* **EXERCISE AIM**
Write out again only the lines between the one with "Suporte para celular no banho" and the end of the records below, both ends counted, and don't include the pictures.

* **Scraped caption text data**
⁂
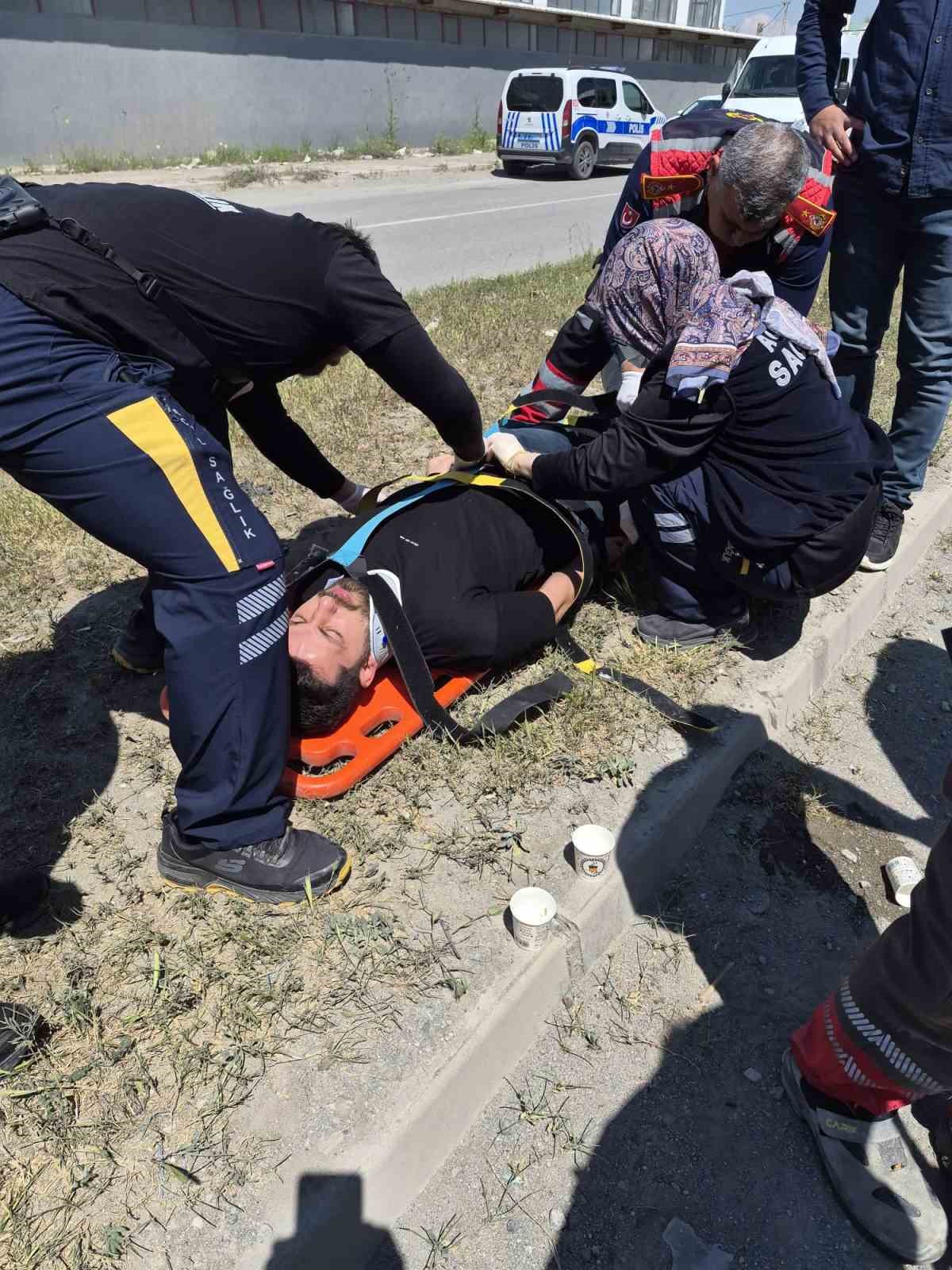 Iğdır’da otomobil takla attı: Sürücü yaralandı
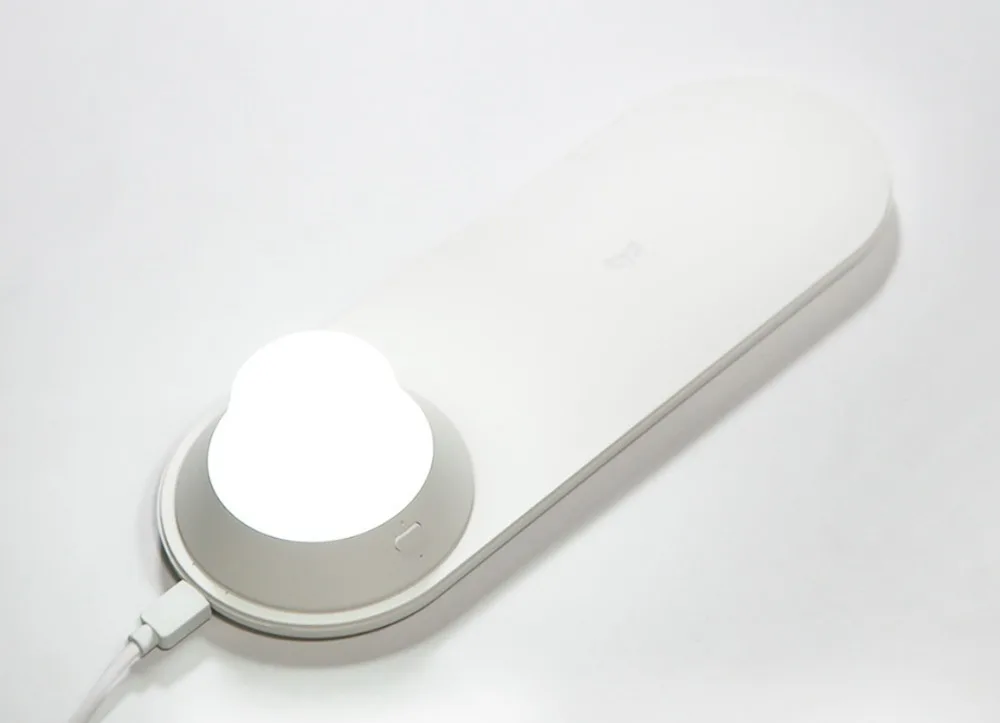 Xiaomi Yeelight Беспроводной Зарядное устройство с светодиодный ночной Светильник магнитное притяжение умный светодиодный лампы Красочный 800 люмен для айфонов samsung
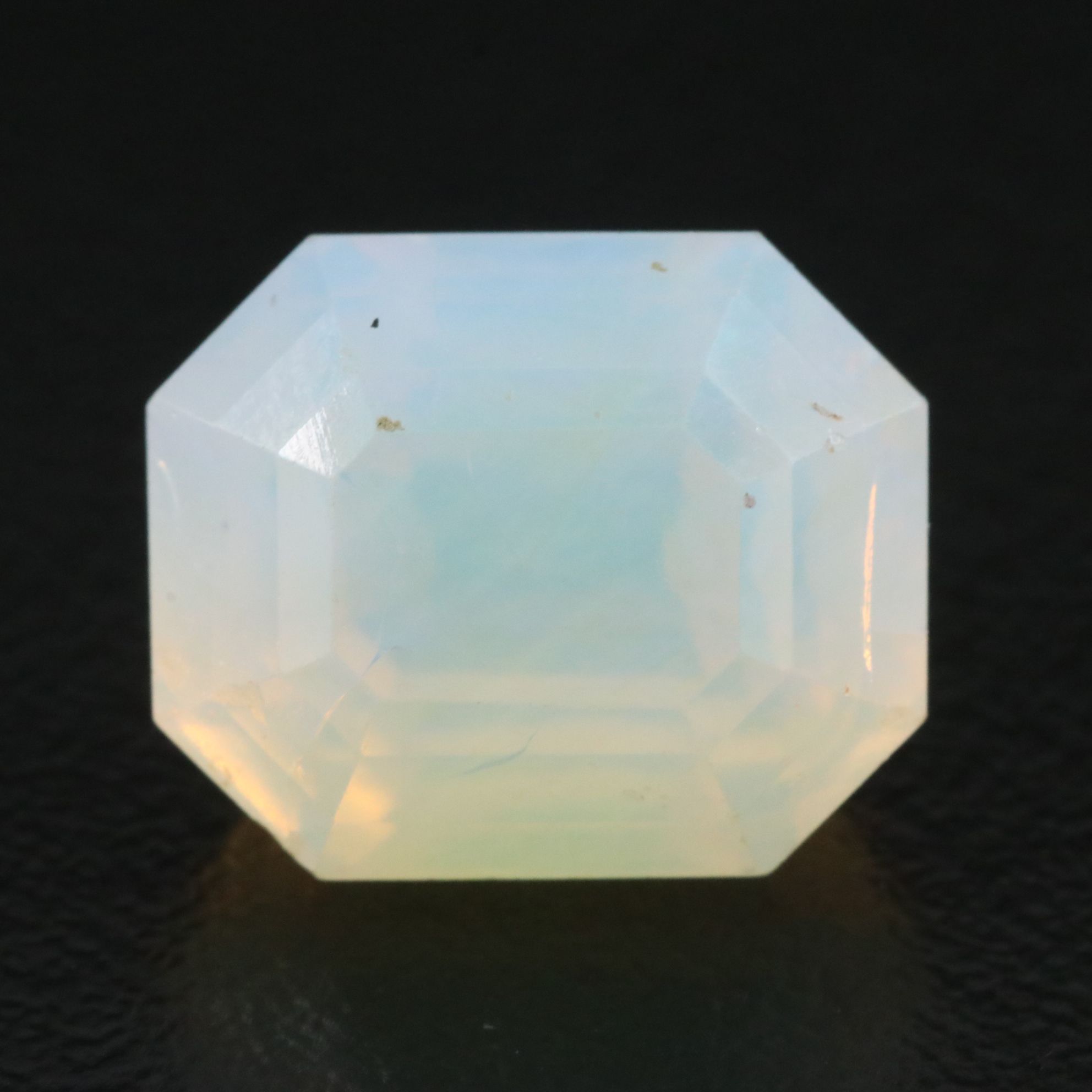 Loose 7.77 CT Opal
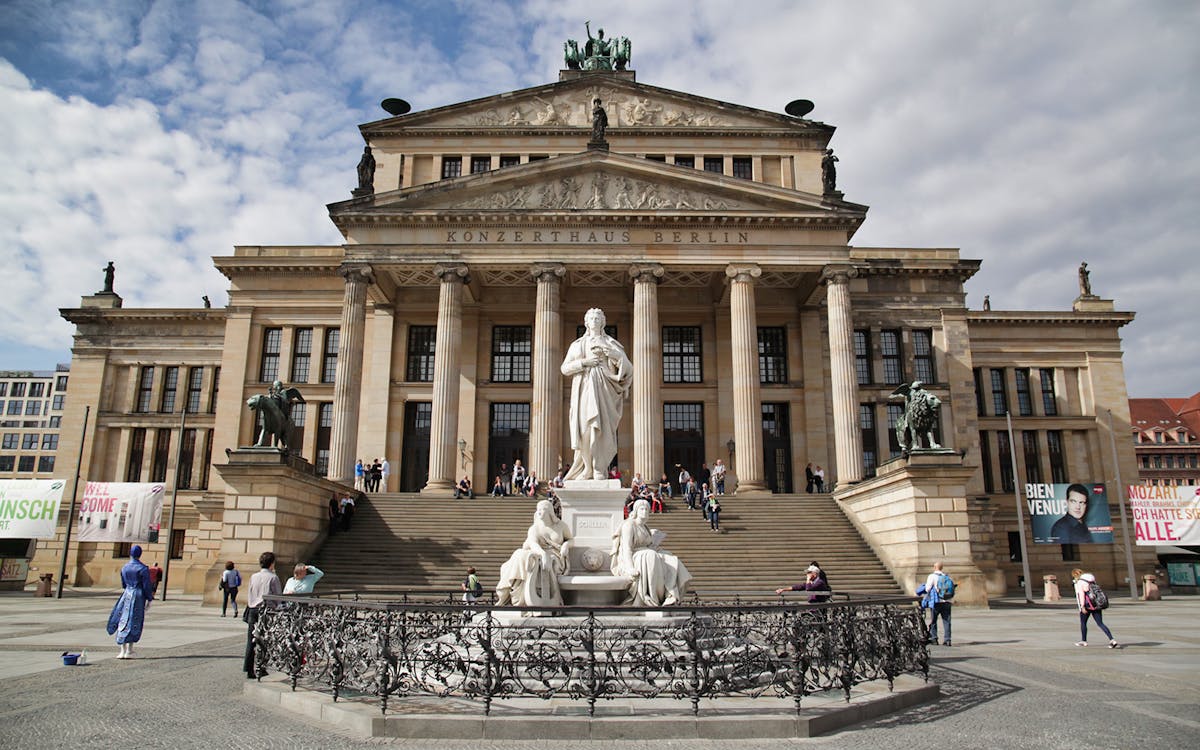 half-day berlin guided walking tour-5 half-day berlin guided walking tour-5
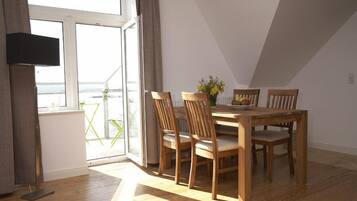 Apartment (33 - SCHLEI) | Schreibtisch, Verdunkelungsvorhänge, schallisolierte Zimmer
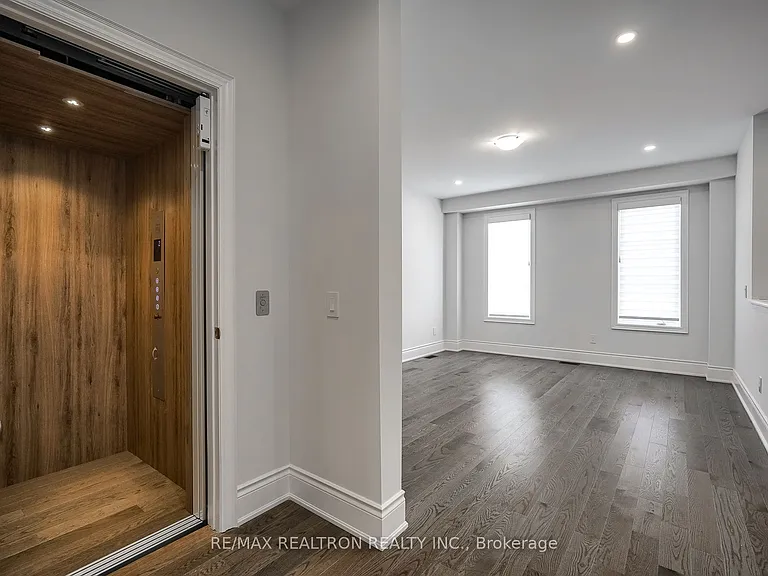 9480 Bayview Ave #4A — Photo 11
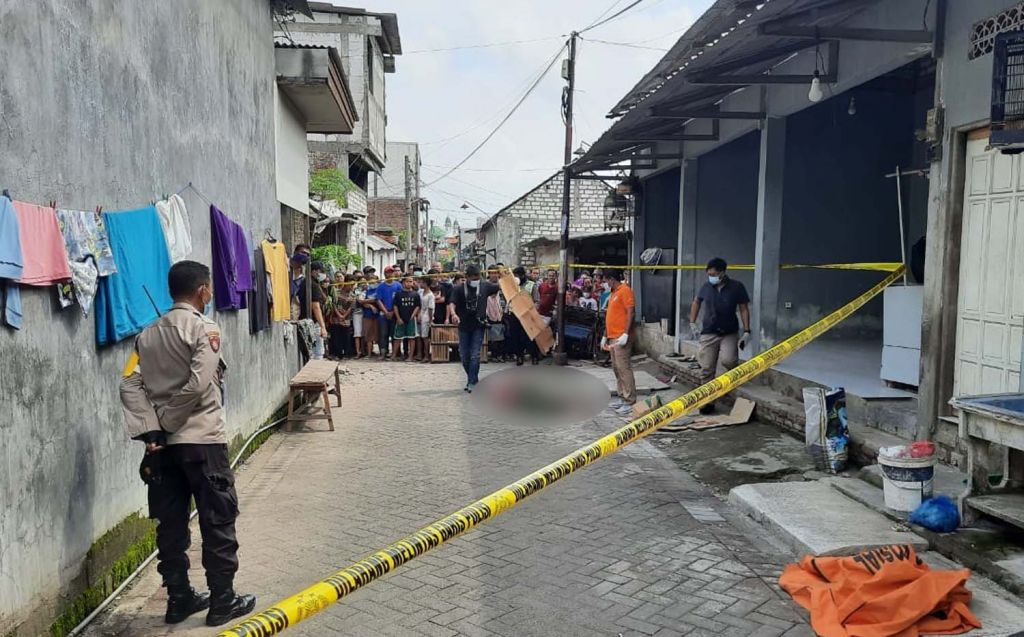 Tim Inafis Polrestabes Surabaya melakukan identifikasi di lokasi kejadian (Foto: Ni'am Kurniawan/jatimnow.com)
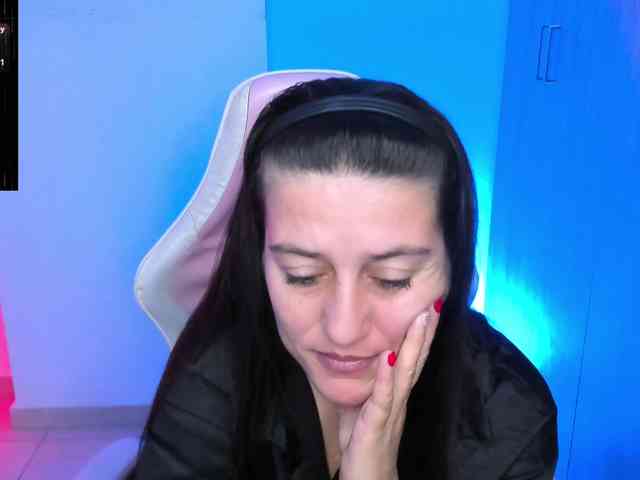 Saskyaajohnson webcam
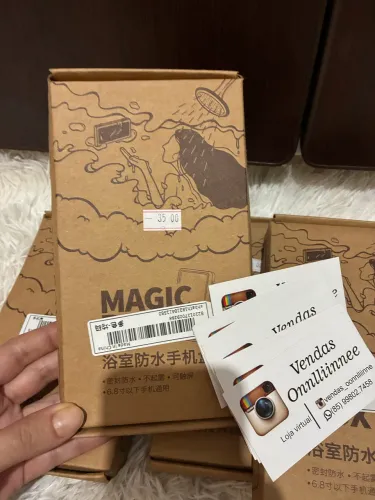 Suporte para celular no banho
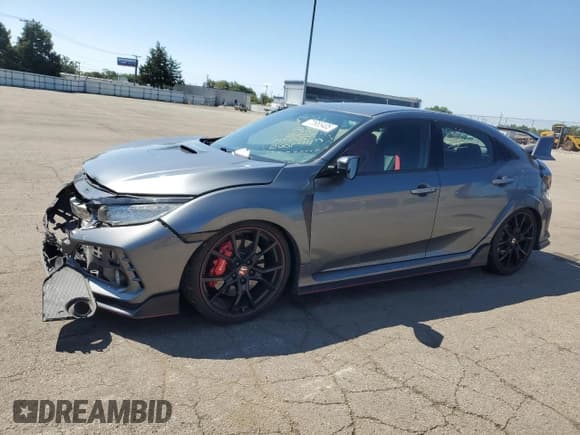 ✅ 2019 Honda Civic Type R Touring • VIN: SHHFK8G79KU200951 • Lot: 70955405. Wystawiony na Copart z przebiegiem 61 151 mil. Bezpłatny archiwum sprzedaży aukcyjnych z USA i szczegółowy raport historii pojazdu na DreamBid. Zdjęcie 1.
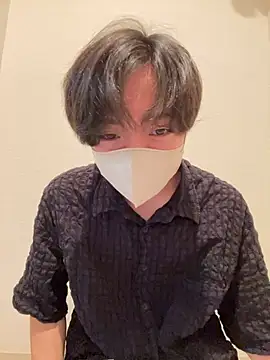 Yuma0718 online show from November 7, 2025, 3:27 pm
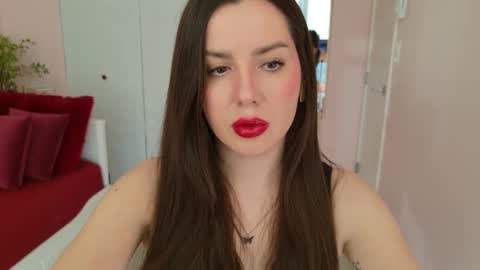 NinaOneil online show from 12/03/24, 09:56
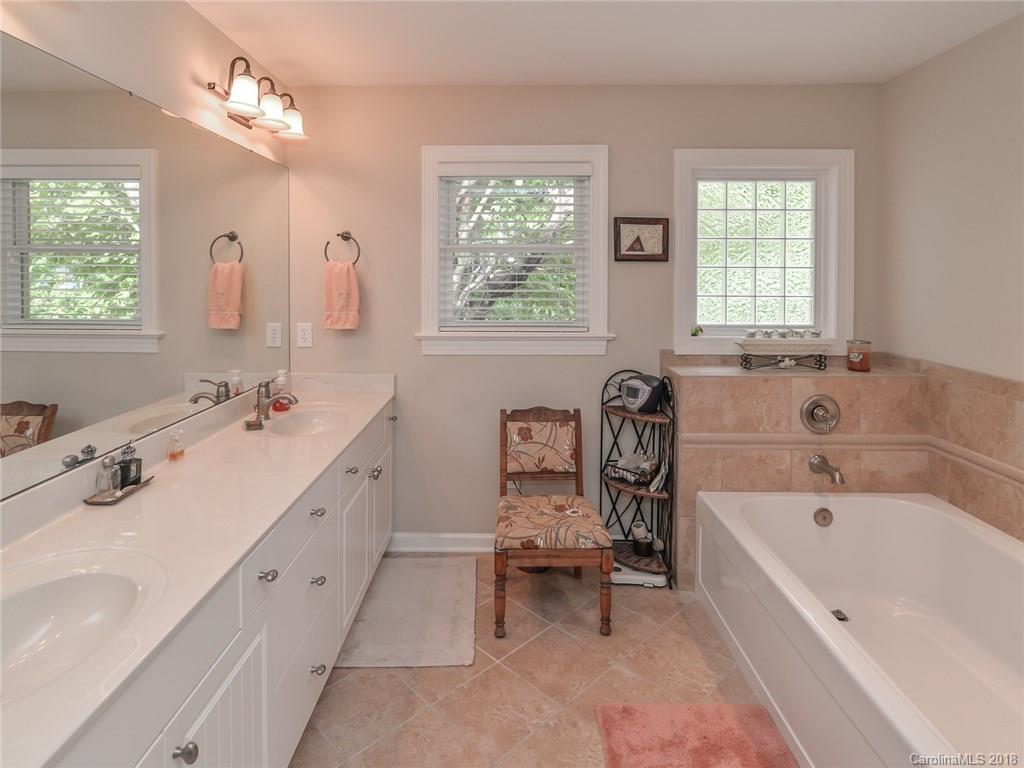 127 Surfside Road Mooresville, NC 28117 - Photo 21 of 27 Gallery Image 21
⁂
* **SOLUTION FOR THIS EXERCISE**
 Suporte para celular no banho
 ✅ 2019 Honda Civic Type R Touring • VIN: SHHFK8G79KU200951 • Lot: 70955405. Wystawiony na Copart z przebiegiem 61 151 mil. Bezpłatny archiwum sprzedaży aukcyjnych z USA i szczegółowy raport historii pojazdu na DreamBid. Zdjęcie 1.
 Yuma0718 online show from November 7, 2025, 3:27 pm
 NinaOneil online show from 12/03/24, 09:56
 127 Surfside Road Mooresville, NC 28117 - Photo 21 of 27 Gallery Image 21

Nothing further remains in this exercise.